_THE DATA:_
◇ ◇ ◇
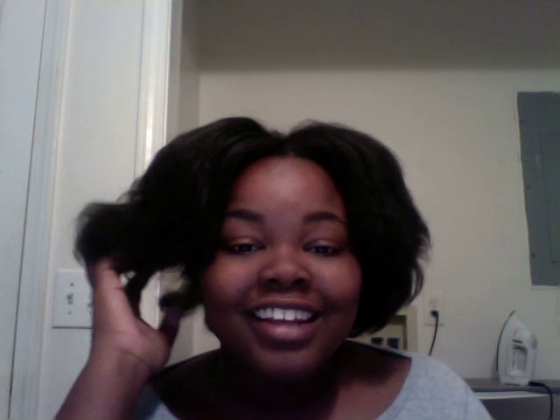Hey everyone, as you can see I straightened my hair! I've been wanting to straighten it for so long and I just decided to do it. So that whole three-month challenge I was going to do is completely over. I did last at least a month and a couple of days, but it's so over and I'm so happy.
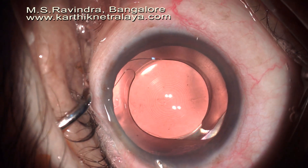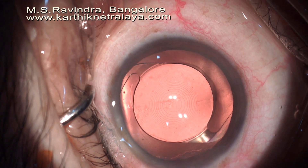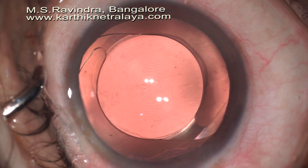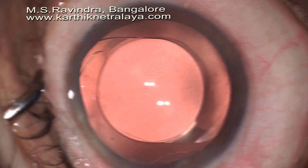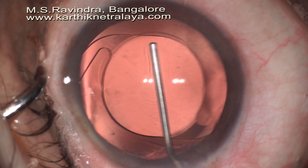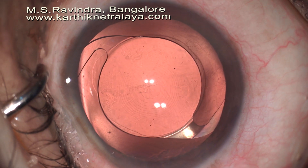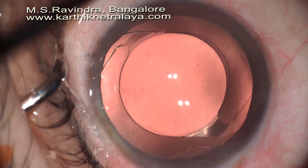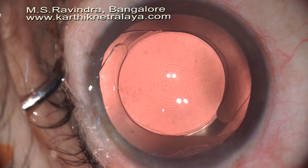The lens is well centred and I am very happy with the results. Moxifloxacin was placed in the capsular bag at the end of surgery, the eye is kept open, and the pressure is normal at the end of surgery. The patient was advised adequately to avoid any further injury to the eye in the days to come.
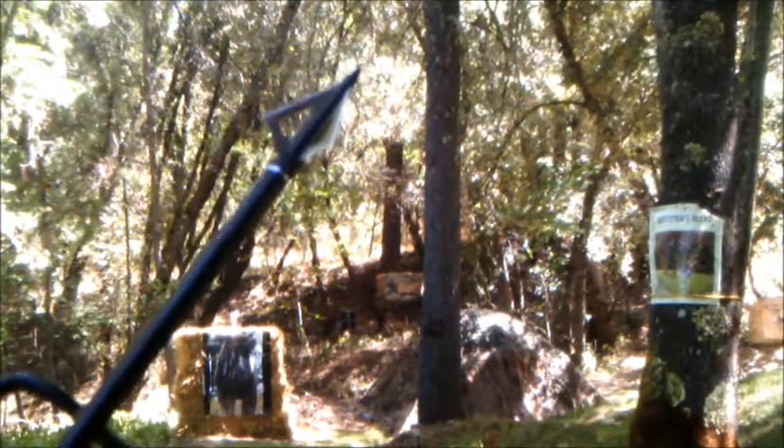This time I'm going to fire a 22 inch aluminum arrow, a little heavier. It might drop a little bit, so keep watching.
◇ ◇ ◇
_WORK TO COMPLETE:_
An exact copy of the listing is required, excluding any pictures.

_SOLUTION FOR THIS PROBLEM:_
Hey everyone, as you can see I straightened my hair! I've been wanting to straighten it for so long and I just decided to do it. So that whole three-month challenge I was going to do is completely over. I did last at least a month and a couple of days, but it's so over and I'm so happy.
The lens is well centred and I am very happy with the results. Moxifloxacin was placed in the capsular bag at the end of surgery, the eye is kept open, and the pressure is normal at the end of surgery. The patient was advised adequately to avoid any further injury to the eye in the days to come.
This time I'm going to fire a 22 inch aluminum arrow, a little heavier. It might drop a little bit, so keep watching.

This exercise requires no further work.